Les 155 représentants élus débattront dans l’ancien Congrès à Santiago, siège du Parlement avant la dictature. Le processus en soi n’est pas si ardu. Ce qui le sera, c’est l’obligation d’obtenir une majorité des deux tiers pour chaque modification, amendement ou proposition, tout cela en moins d’une année. Cette nouvelle Constitution devra être soumise par vote universel et obligatoire à l’approbation de 50 % plus un de la population votante.

La nouvelle Constitution apaisera-t-elle le mécontentement ?

Une nouvelle Constitution ne réglera pas les mécontentements, nombreux dans la population. Mais c’est une étape obligatoire et essentielle afin de se défaire des interprétations néolibérales de la Constitution établie sous la dictature. Ainsi, la Constitution a permis la privatisation de plusieurs ressources naturelles dont l’eau, le cuivre et le lithium. Ce droit à la propriété privée y est inscrit et forme l’épine dorsale des interprétations et de la légitimité des actions de l’État et de sa relation avec l’économie et la société.

Outre son importance symbolique, une nouvelle Constitution permettra un débat de nature socioéconomique qui portera sur le rôle du privé, notamment dans la fourniture de services tels que l’éducation, les soins de santé, les pensions, etc.

Qu’est-ce qui changera ?

L’assemblée constituante discutera-t-elle des questions de bonne gouvernance ou établira-t-elle des quotas obligatoires basés sur le genre ? En plus de la représentation indigène au Congrès, les débats incluront sans doute la reconnaissance des peuples autochtones et de leurs droits ancestraux. La Convention se penchera-t-elle sur la question de la nomination des juges ? Imposera-t-elle la règle du précédent (stare decisis) qui exige des tribunaux inférieurs de se conformer à la jurisprudence des tribunaux supérieurs ? Proposera-t-elle un système de police réformée afin que les carabineros jouent un plus grand rôle de protecteur des citoyens, sans égard aux différences de cultures, de classes, d’idéologie, etc. ?

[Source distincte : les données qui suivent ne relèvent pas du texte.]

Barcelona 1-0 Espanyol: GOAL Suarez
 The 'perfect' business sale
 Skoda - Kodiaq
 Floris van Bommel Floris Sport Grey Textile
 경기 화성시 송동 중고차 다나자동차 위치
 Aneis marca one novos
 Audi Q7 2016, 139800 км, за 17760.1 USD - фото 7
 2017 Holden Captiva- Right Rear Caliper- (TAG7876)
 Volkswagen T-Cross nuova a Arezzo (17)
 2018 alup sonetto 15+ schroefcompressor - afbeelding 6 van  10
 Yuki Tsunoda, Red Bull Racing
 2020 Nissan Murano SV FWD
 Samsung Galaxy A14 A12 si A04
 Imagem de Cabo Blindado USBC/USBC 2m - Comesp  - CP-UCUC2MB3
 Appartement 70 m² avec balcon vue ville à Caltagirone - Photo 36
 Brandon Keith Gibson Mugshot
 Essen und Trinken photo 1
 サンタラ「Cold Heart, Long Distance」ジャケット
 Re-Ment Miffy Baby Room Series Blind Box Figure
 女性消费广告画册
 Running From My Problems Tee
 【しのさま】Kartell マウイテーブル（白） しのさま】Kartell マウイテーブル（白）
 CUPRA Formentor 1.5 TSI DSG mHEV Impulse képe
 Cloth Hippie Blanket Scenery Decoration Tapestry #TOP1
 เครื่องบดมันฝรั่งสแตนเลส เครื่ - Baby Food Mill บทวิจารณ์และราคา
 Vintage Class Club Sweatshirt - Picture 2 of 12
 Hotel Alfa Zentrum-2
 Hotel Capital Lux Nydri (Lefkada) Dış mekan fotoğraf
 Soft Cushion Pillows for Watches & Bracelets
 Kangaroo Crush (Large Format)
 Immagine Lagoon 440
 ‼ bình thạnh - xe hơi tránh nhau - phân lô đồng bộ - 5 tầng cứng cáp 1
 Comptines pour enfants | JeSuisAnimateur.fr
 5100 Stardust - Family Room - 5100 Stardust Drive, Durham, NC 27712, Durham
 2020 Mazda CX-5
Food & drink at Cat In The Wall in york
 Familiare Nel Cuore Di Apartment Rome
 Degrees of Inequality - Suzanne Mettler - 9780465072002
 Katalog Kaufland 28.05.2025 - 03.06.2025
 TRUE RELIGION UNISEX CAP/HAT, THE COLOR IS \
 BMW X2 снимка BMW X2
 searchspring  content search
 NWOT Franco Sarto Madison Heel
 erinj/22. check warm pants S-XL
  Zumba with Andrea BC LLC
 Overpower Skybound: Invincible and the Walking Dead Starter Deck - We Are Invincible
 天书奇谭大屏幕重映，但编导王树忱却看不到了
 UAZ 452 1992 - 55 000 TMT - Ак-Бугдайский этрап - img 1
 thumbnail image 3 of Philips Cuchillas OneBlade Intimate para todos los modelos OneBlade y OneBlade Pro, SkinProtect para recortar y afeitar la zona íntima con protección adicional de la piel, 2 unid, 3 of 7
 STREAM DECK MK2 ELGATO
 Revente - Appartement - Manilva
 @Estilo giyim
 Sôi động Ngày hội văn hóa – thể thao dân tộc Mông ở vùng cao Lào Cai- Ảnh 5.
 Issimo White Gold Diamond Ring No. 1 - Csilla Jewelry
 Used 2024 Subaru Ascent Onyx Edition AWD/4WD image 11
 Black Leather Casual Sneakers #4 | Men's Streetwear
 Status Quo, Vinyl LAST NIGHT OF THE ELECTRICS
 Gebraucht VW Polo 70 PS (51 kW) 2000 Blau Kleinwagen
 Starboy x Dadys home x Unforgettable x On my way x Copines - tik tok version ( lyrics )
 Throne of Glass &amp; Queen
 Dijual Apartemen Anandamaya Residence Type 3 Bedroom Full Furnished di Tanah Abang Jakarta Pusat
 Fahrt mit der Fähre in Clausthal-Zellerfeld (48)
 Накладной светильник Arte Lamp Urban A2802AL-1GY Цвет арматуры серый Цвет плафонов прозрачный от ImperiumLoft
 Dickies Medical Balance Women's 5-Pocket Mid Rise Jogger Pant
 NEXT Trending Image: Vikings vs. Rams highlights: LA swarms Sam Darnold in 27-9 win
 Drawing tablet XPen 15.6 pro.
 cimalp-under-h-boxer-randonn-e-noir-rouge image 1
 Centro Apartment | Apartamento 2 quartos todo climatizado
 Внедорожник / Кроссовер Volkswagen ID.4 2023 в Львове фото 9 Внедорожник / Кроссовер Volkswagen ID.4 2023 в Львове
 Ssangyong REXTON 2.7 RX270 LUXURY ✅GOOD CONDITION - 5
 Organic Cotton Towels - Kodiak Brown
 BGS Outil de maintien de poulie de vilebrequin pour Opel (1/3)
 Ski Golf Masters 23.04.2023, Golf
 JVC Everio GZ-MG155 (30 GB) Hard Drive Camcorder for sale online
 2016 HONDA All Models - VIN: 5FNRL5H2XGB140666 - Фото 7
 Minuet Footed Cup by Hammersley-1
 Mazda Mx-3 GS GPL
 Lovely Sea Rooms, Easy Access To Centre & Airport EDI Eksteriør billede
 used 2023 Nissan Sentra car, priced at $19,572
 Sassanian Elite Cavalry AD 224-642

L’opposition se fera entre ceux qui ne veulent pas perdre leurs privilèges et ceux qui rêvent d’un Chili beaucoup plus égalitaire, jusqu’à espérer la renationalisation des ressources naturelles et de vivre avec une retraite décente digne d’un pays membre de l’OCDE.

Un débat à observer, tel un laboratoire ; non celui du néolibéralisme tel qu’il le fut sous Pinochet, mais celui de la démocratie. Entre le rêve d’Allende et celui de Milton Friedman.